**SUPPLIED DATA:**

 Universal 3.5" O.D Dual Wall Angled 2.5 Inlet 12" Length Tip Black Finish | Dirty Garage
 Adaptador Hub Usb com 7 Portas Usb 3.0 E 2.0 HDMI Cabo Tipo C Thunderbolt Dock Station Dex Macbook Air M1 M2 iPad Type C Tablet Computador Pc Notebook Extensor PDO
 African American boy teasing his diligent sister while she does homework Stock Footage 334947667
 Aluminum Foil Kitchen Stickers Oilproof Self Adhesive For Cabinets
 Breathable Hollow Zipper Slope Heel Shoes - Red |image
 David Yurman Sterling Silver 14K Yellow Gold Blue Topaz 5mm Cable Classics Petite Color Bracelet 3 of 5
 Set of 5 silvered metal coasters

==

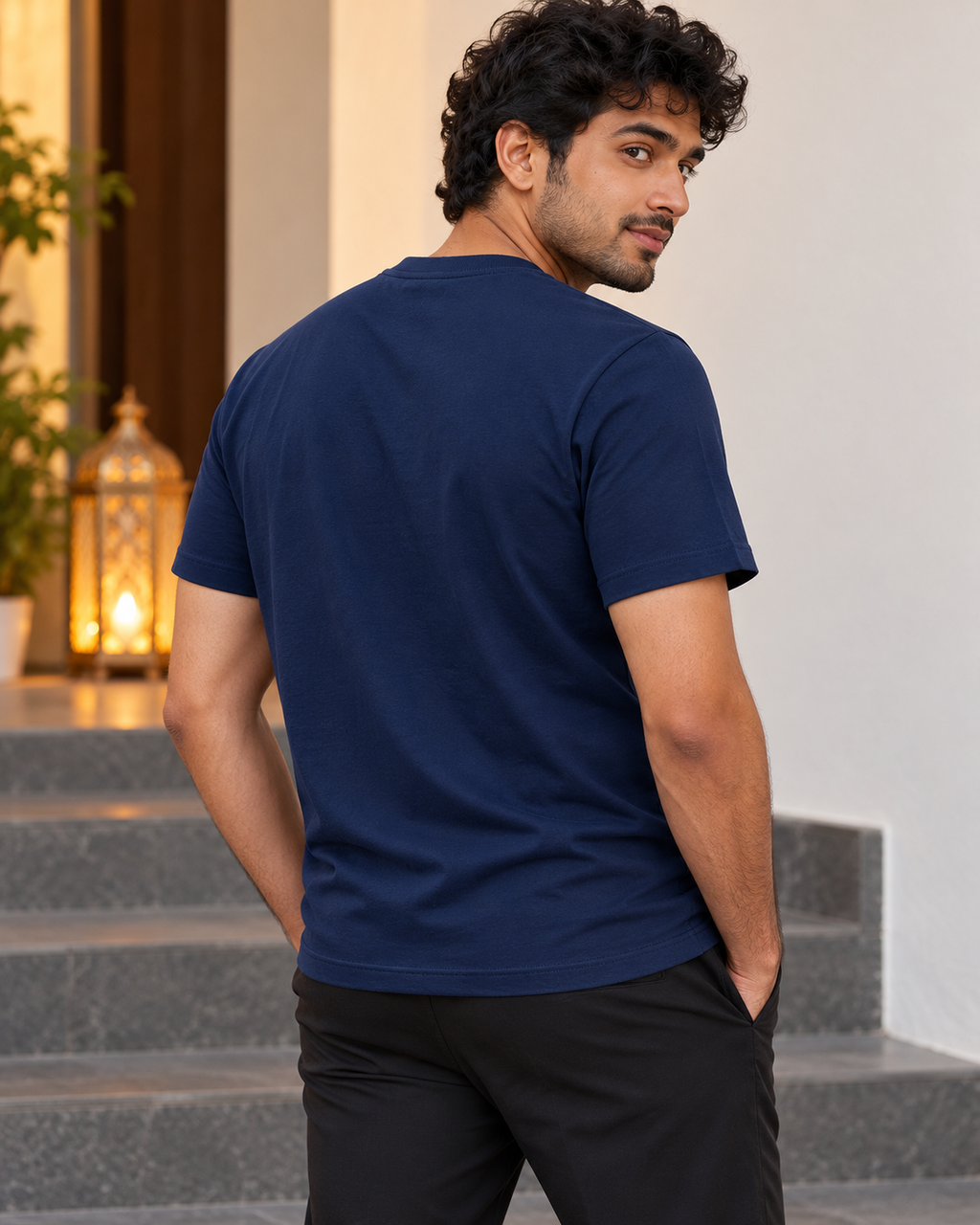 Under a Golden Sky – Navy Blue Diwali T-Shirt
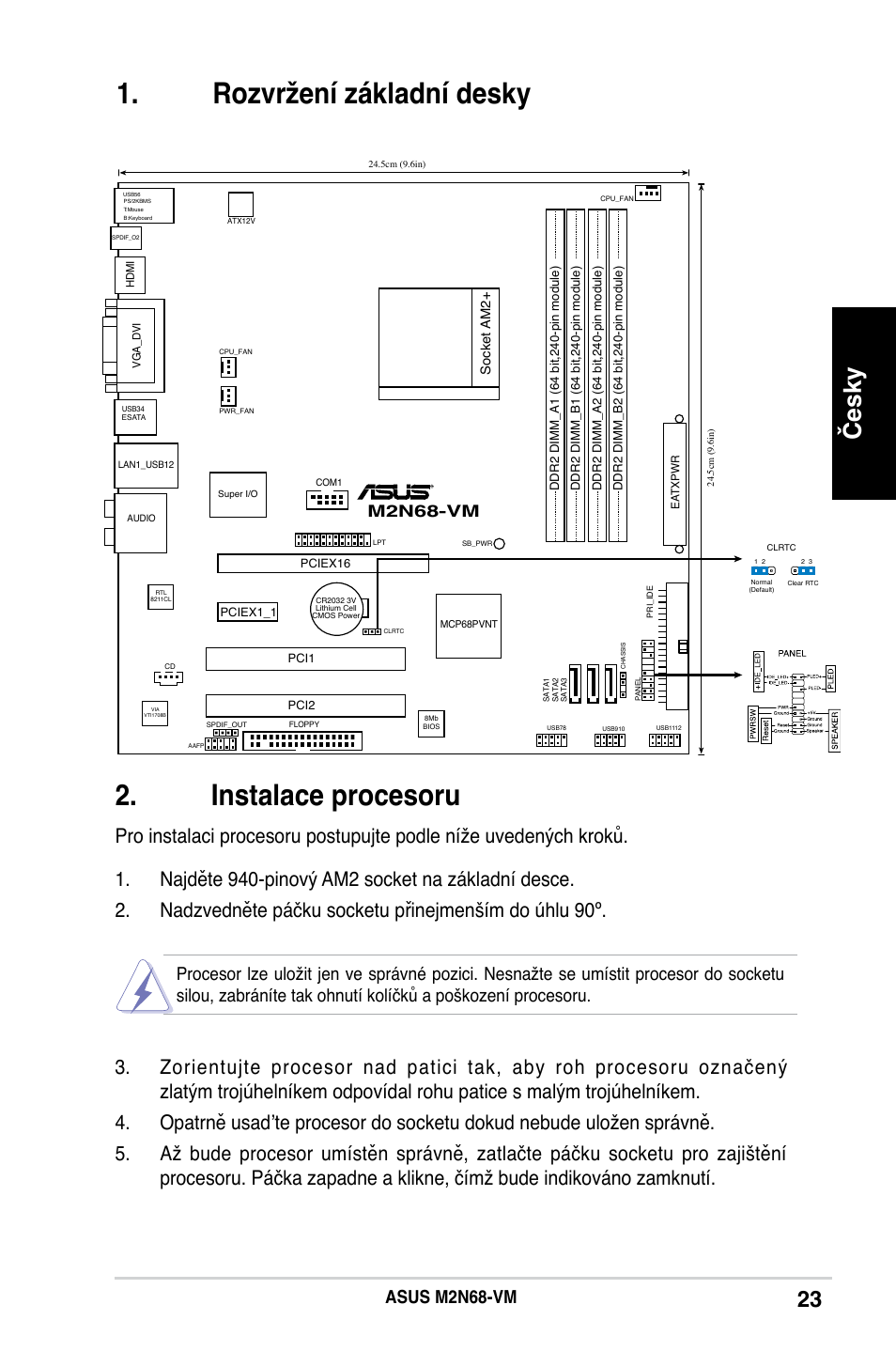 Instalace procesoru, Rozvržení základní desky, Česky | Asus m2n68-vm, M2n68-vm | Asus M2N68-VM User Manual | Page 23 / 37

**GOAL OF THE EXERCISE:**
Among the entries above, the line containing "Breathable Hollow Zipper", the line containing "Set of 5 silvered metal coasters", and all lines between them are to be restated word for word; nothing else belongs in the reply.

**TASK SOLUTION:**
 Breathable Hollow Zipper Slope Heel Shoes - Red |image
 David Yurman Sterling Silver 14K Yellow Gold Blue Topaz 5mm Cable Classics Petite Color Bracelet 3 of 5
 Set of 5 silvered metal coasters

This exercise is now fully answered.